NovaLAD: A Fast, CPU-Optimized Document Extraction Pipeline for Generative AI and Data Intelligence
Aman Ulla's new system beats commercial parsers on DP-Bench while running entirely on CPU hardware.
Researcher Aman Ulla has published a paper introducing NovaLAD, a comprehensive document parsing system designed to transform unstructured documents like PDFs and scans into structured, layout-aware representations for generative AI and data intelligence workflows. The system addresses a critical bottleneck in retrieval-augmented generation (RAG) and knowledge base construction by providing a fast, CPU-optimized pipeline that integrates two concurrent YOLO object detection models—one for semantic elements and another for structural layout—alongside rule-based grouping and optional vision-language enhancement. A key innovation is its cost-saving approach to image analysis, where a Vision Transformer (ViT) classifier first filters out irrelevant images before only useful ones are sent to a Vision LLM for title generation and summarization.
The architecture is built for parallel execution on CPU, handling detection, classification, OCR, and conversion simultaneously to output multiple formats including structured JSON, Markdown, and knowledge graphs.
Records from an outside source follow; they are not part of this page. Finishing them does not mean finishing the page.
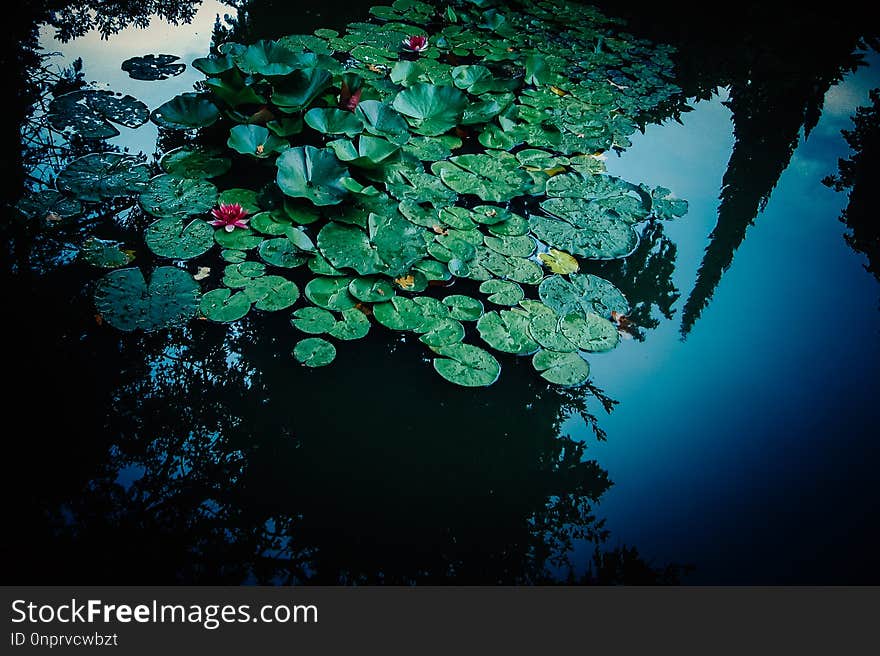 Pink waterlily flower in the garden pond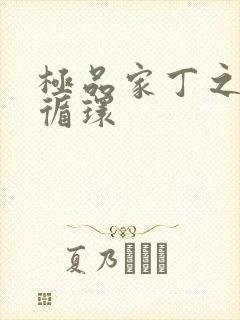 极品家丁之因果循环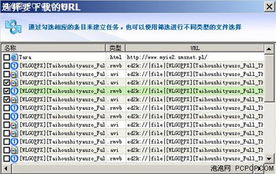 如何快速使用电骡下载资源？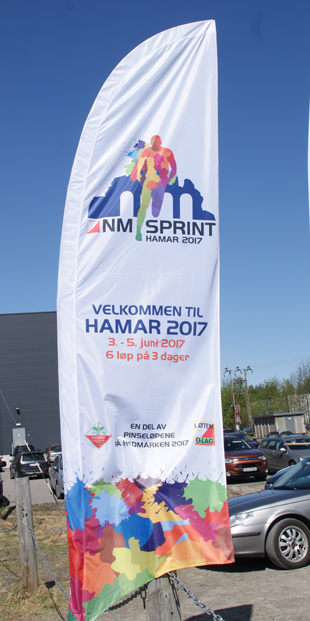 NM_sprint_Pinselopene_2017.jpg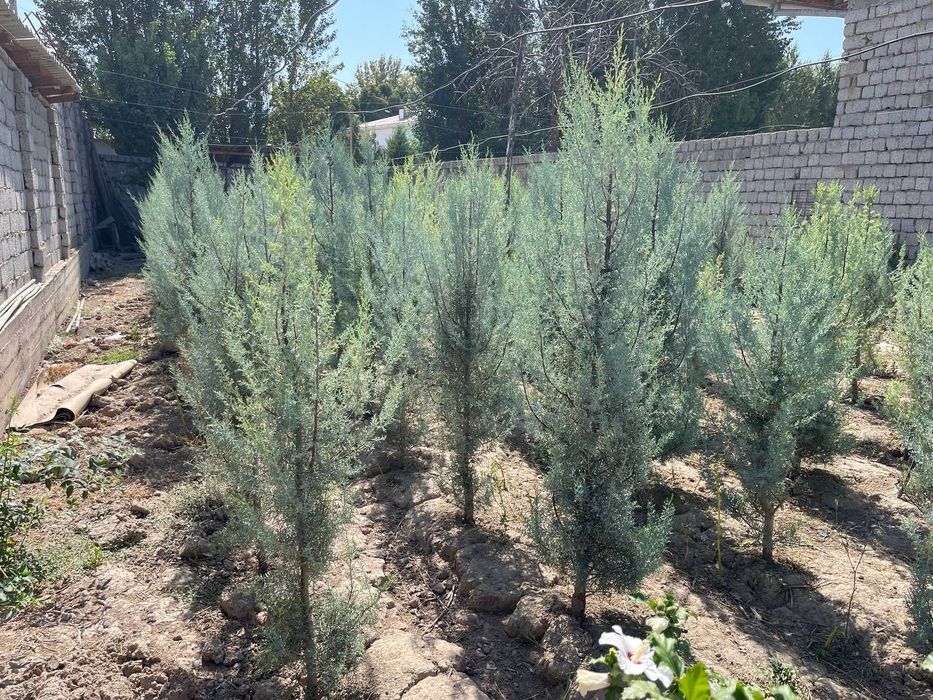 Аризонский кипарис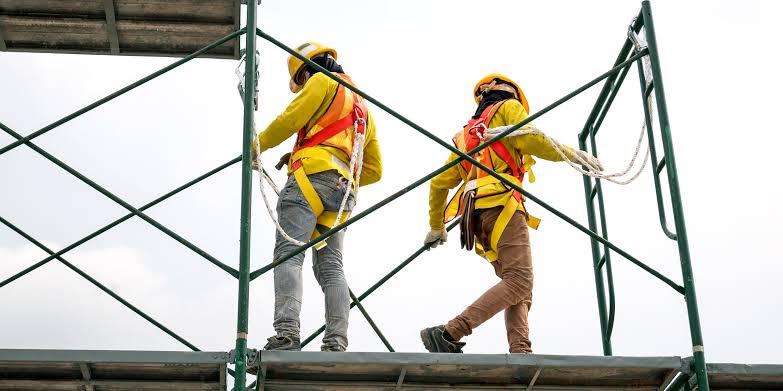 Scaffolder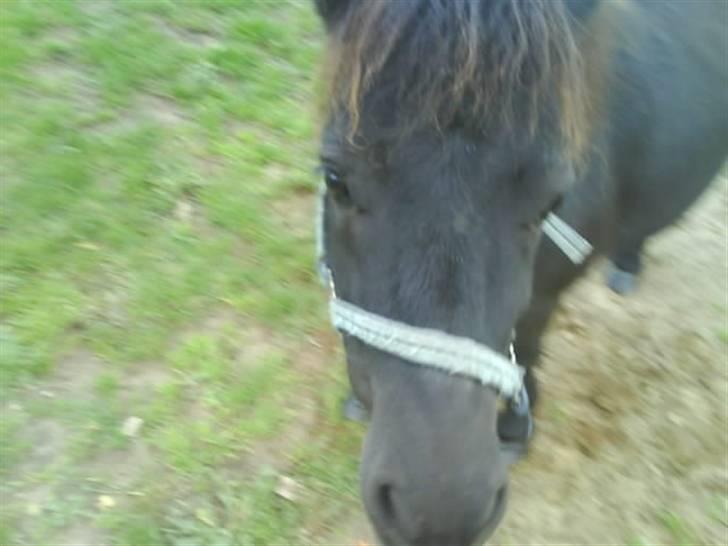 Shetlænder topper billede 2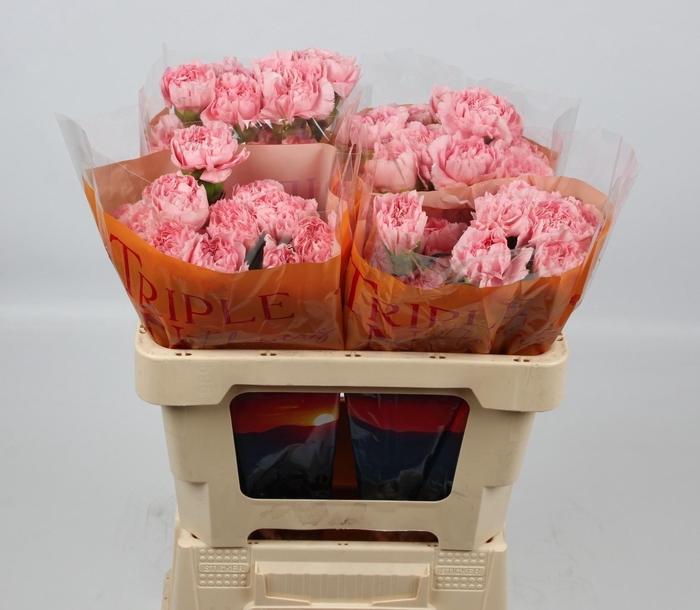 <h4>DI ST PINK MONTEZUMA</h4>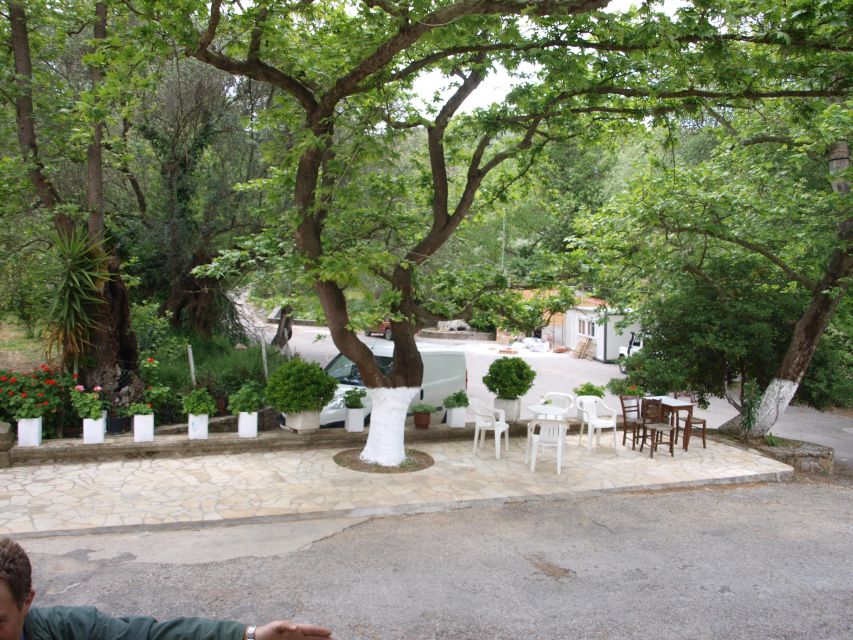 Explore the Secrets of Wine and Olives in Chania - Visiting the 3,000-Year-Old Olive Tree at Ano Vouves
On the DP-Bench benchmark (upstage/dp-bench), NovaLAD achieved a 96.49% TEDS (Table Extraction Dataset Score) and 98.51% NID (Normalized Information Distance), outperforming both commercial and open-source parsers. This performance, combined with its GPU-free design, makes it a highly accessible and efficient tool for enterprises looking to preprocess large document volumes for downstream AI applications without significant hardware investment. The paper details the full data flow and architecture, positioning NovaLAD as a practical solution for scalable document intelligence.
- Uses dual YOLO models for concurrent element & layout detection, achieving 96.49% TEDS on DP-Bench
- CPU-optimized pipeline eliminates GPU dependency, enabling parallel execution of detection, OCR, and conversion
- Integrates ViT classifier to filter images, reducing Vision LLM costs by only processing relevant visual content
Why It Matters
Enables efficient, large-scale document preprocessing for RAG and knowledge bases without expensive GPU hardware, lowering AI implementation costs.